TASK DETAILS.
Each line in the material below, starting at the one with "Preview: Young woman" and ending at the one with "full bath with", is to be reproduced exactly; no picture is to be copied.

RECORDS SHOWN.

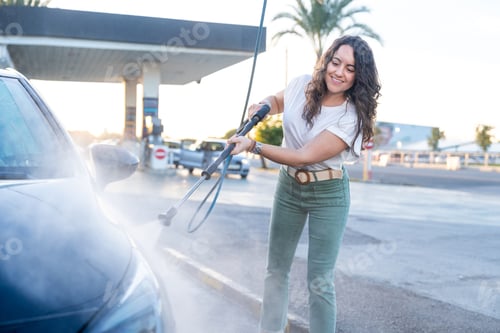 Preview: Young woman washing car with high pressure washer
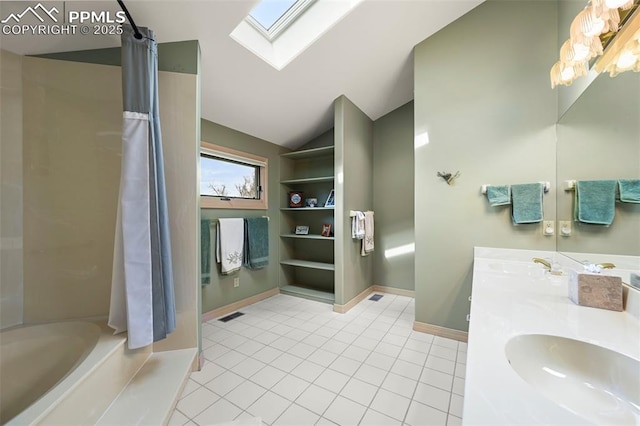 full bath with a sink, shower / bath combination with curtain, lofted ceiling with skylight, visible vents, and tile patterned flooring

==

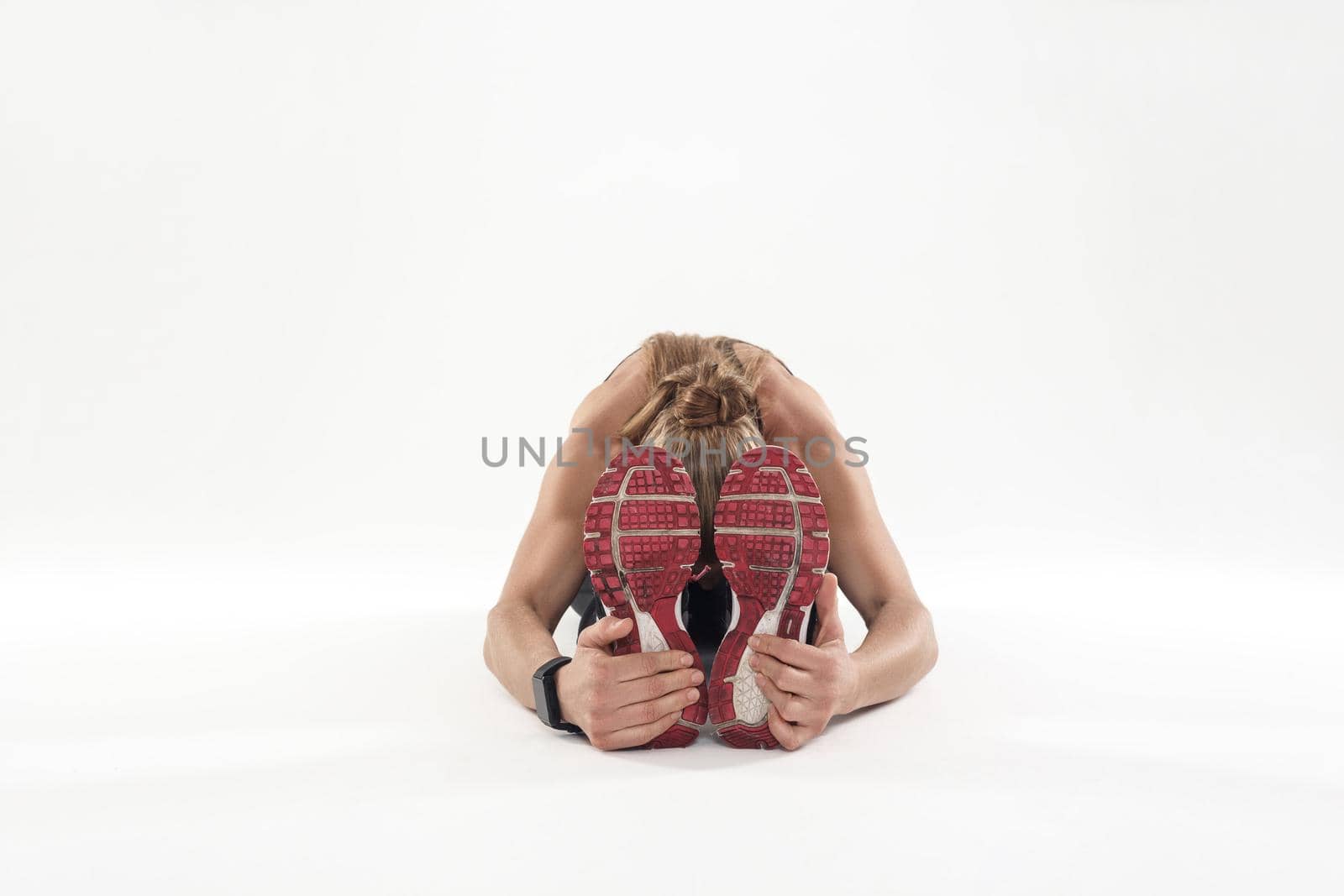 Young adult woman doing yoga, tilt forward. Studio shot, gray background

COMPLETED TASK.
 Preview: Young woman washing car with high pressure washer
 full bath with a sink, shower / bath combination with curtain, lofted ceiling with skylight, visible vents, and tile patterned flooring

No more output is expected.